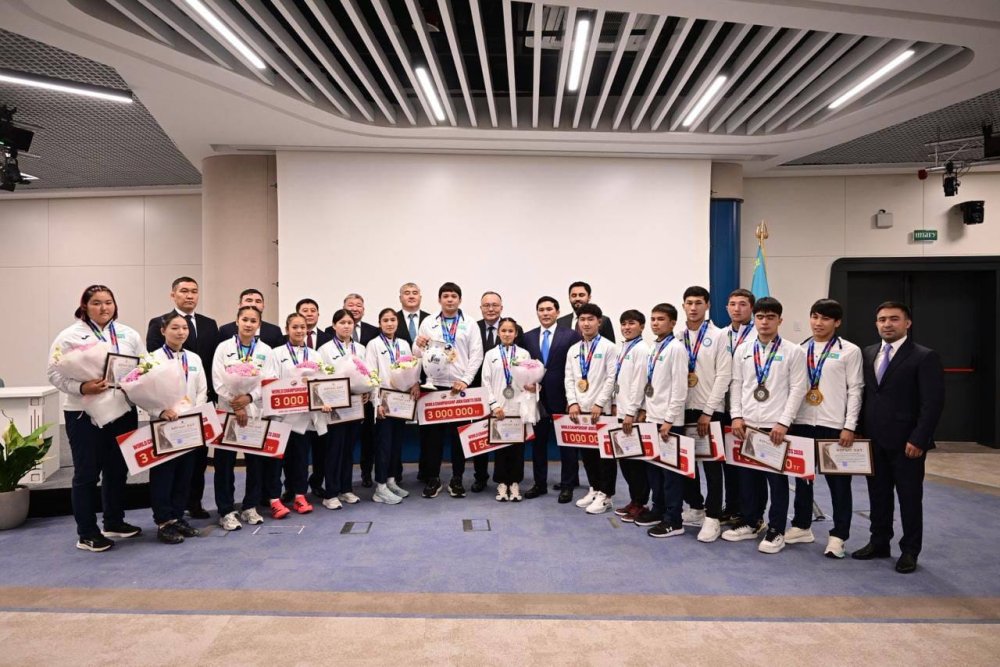 Ербол Мырзабосынов дзюдодан жасөспірімдер арасындағы әлем чемпионатының жеңімпаздары мен жүлдегерлерін марапаттады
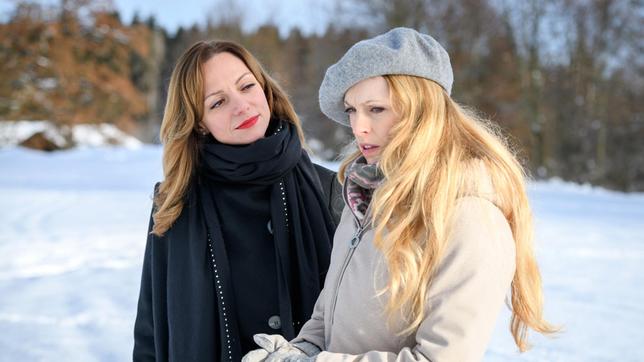 Ariane (Viola Wedekind) verspricht Rosalie (Natalie Alison), ihr das ungekürzte Video zu beschaffen.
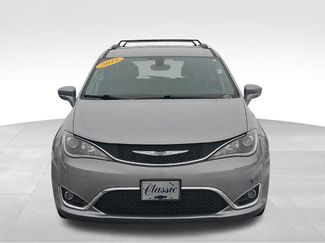 Used 2019 Chrysler Pacifica Touring-L video 2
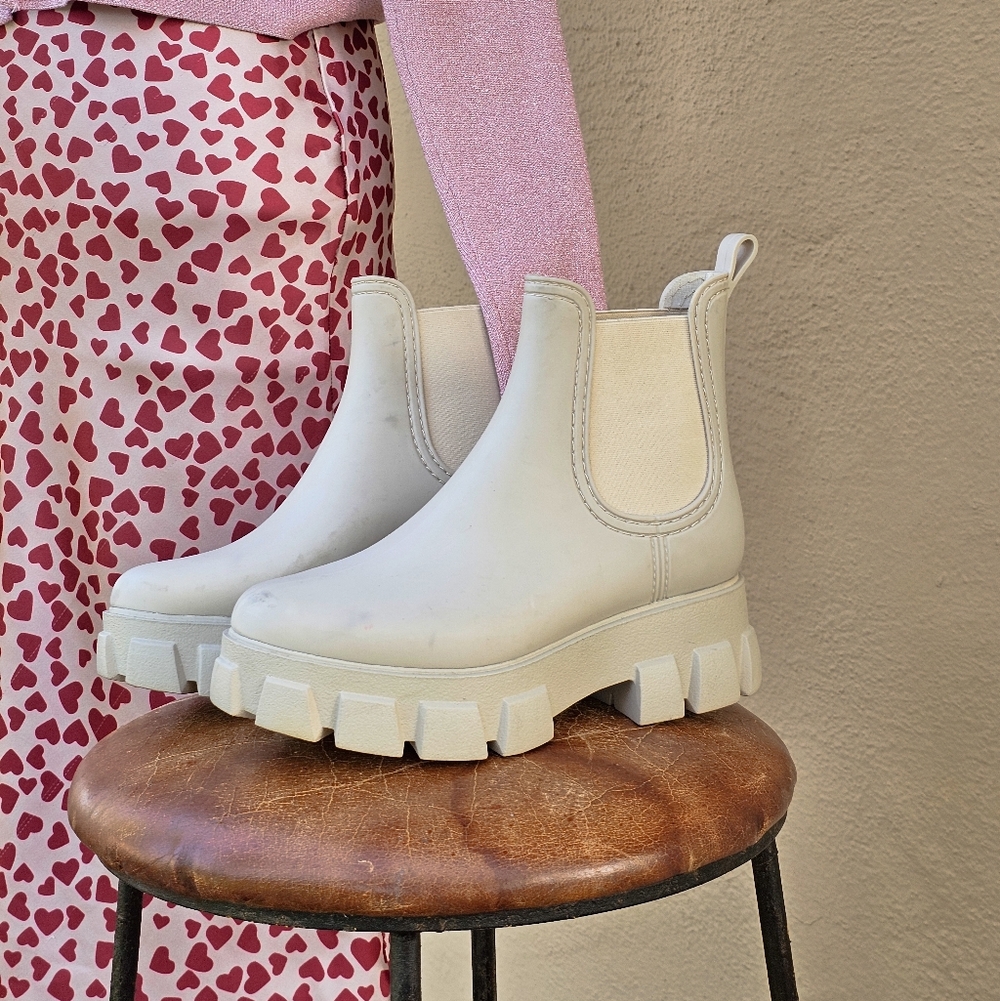 Jeffrey Campbell White Extra Chunky Platform Chelsea Boots Size 8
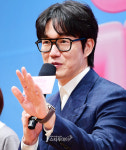 [포토] 성시경, 차별화된 ‘더시즌즈’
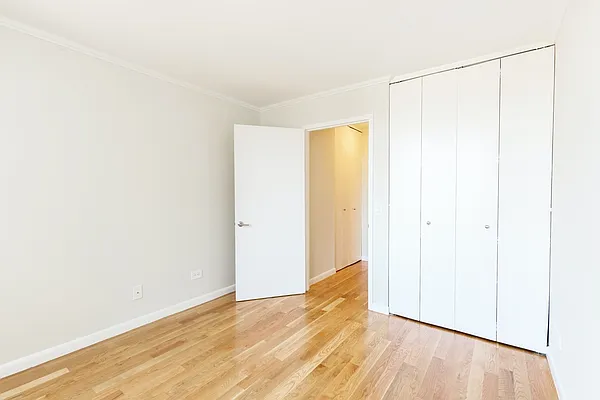 Rented by Stonehenge NYC LLC | media 6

——————————

> **What needs to be done**
All of the entries, apart from the pictures, must be returned exactly.

> **Answer box**
 Ербол Мырзабосынов дзюдодан жасөспірімдер арасындағы әлем чемпионатының жеңімпаздары мен жүлдегерлерін марапаттады
 Ariane (Viola Wedekind) verspricht Rosalie (Natalie Alison), ihr das ungekürzte Video zu beschaffen.
 Used 2019 Chrysler Pacifica Touring-L video 2
 Jeffrey Campbell White Extra Chunky Platform Chelsea Boots Size 8
 [포토] 성시경, 차별화된 ‘더시즌즈’
 Rented by Stonehenge NYC LLC | media 6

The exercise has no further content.